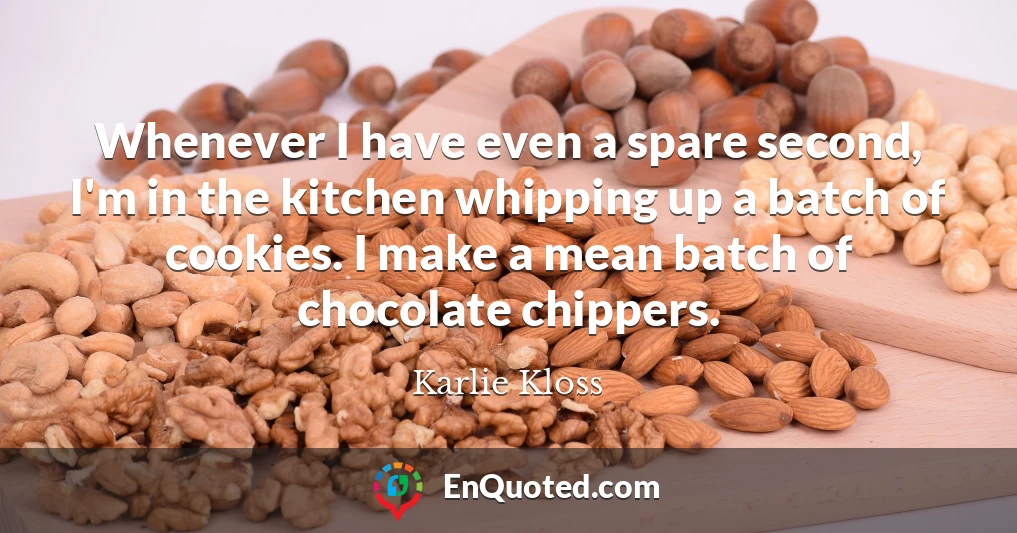 Whenever I have even a spare second, I'm in the kitchen whipping up a batch of cookies. I make a mean batch of chocolate chippers.
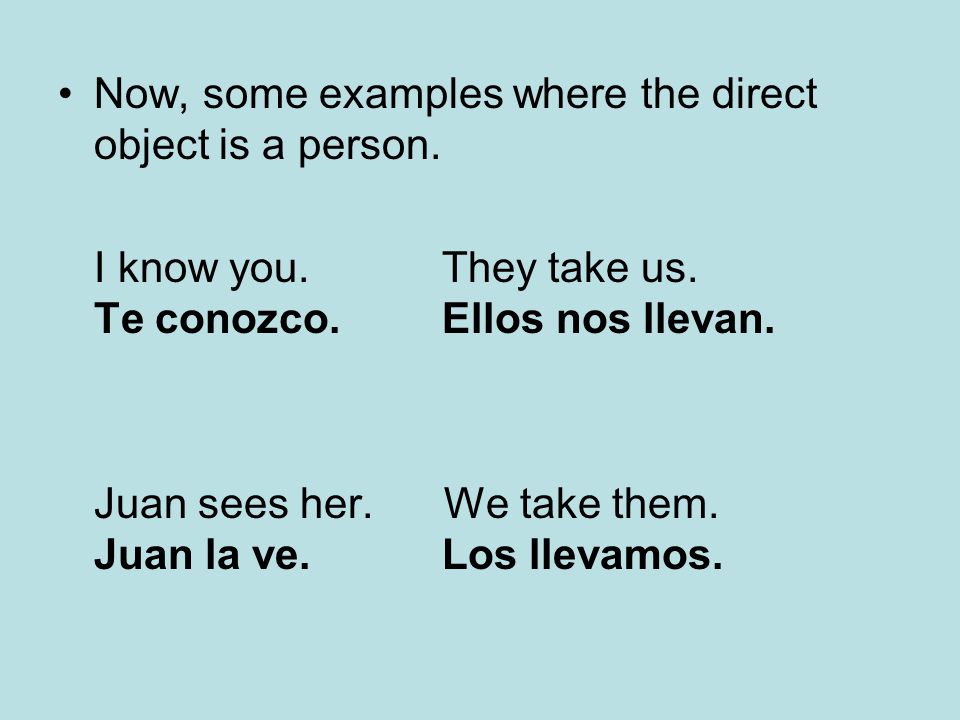 Now, some examples where the direct object is a person.
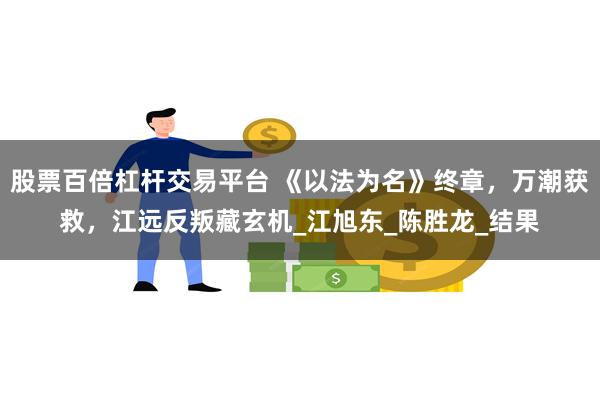股票百倍杠杆交易平台 《以法为名》终章，万潮获救，江远反叛藏玄机_江旭东_陈胜龙_结果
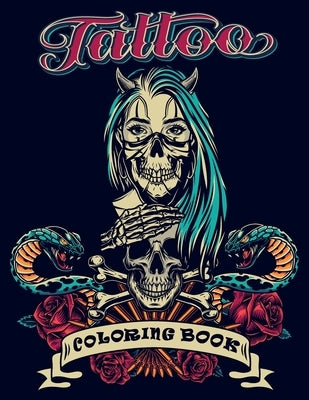 Tattoo Coloring Book: An Adult Coloring Book with Awesome, and Relaxing Tattoo Designs for Men and Women (Tattoo Coloring Books). by Publishing, Steven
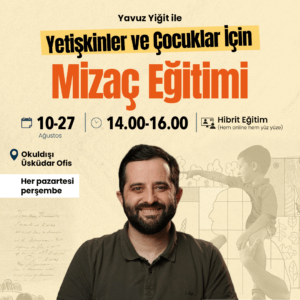 Yetişkinler ve Çocuklar İçin Mizaç Eğitimi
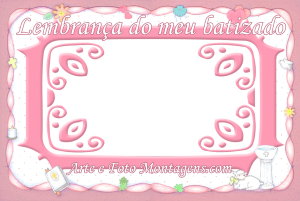 frase lembrança do meu batizado, moldura rosa.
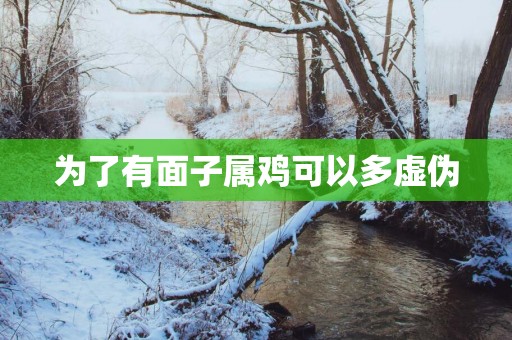为了有面子属鸡可以多虚伪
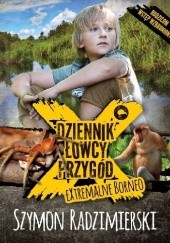 Okładka książki Dziennik łowcy przygód. eXtremalne Borneo Szymon Radzimierski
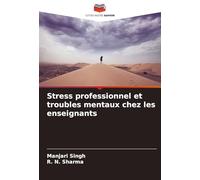 Stress professionnel et troubles mentaux chez les enseignants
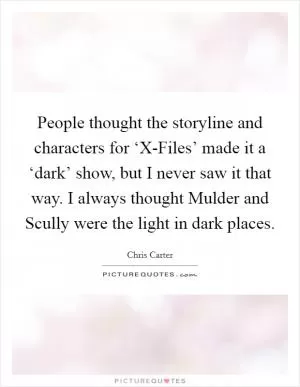 People thought the storyline and characters for ‘X-Files’ made it a ‘dark’ show, but I never saw it that way. I always thought Mulder and Scully were the light in dark places Picture Quote #1
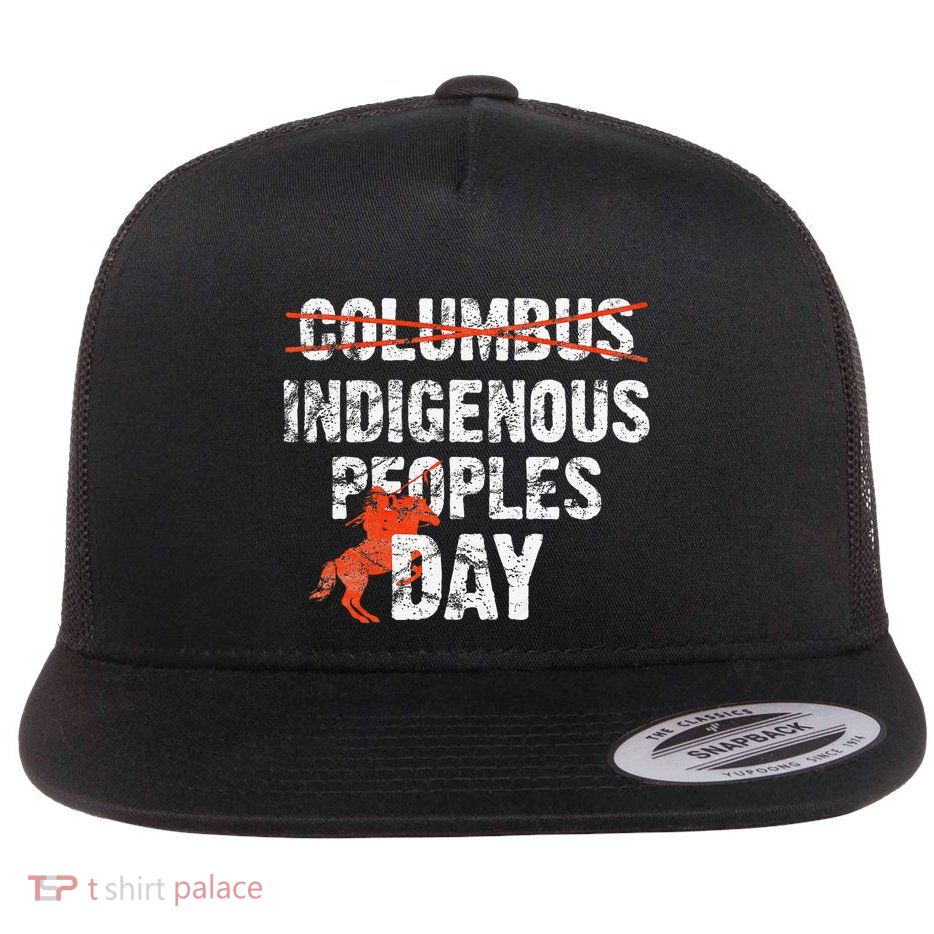 Indigenous Peoples Day Not Columbus Day Native Indian Flat Bill Trucker Hat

____

_What you have to do:_
Please copy exactly the lines from the one containing "Tattoo Coloring Book: An" through the last line of the records above, both included, and leave out any pictures.

_Solution to this exercise:_
 Tattoo Coloring Book: An Adult Coloring Book with Awesome, and Relaxing Tattoo Designs for Men and Women (Tattoo Coloring Books). by Publishing, Steven
 Yetişkinler ve Çocuklar İçin Mizaç Eğitimi
 frase lembrança do meu batizado, moldura rosa.
为了有面子属鸡可以多虚伪
 Okładka książki Dziennik łowcy przygód. eXtremalne Borneo Szymon Radzimierski
 Stress professionnel et troubles mentaux chez les enseignants
 People thought the storyline and characters for ‘X-Files’ made it a ‘dark’ show, but I never saw it that way. I always thought Mulder and Scully were the light in dark places Picture Quote #1
 Indigenous Peoples Day Not Columbus Day Native Indian Flat Bill Trucker Hat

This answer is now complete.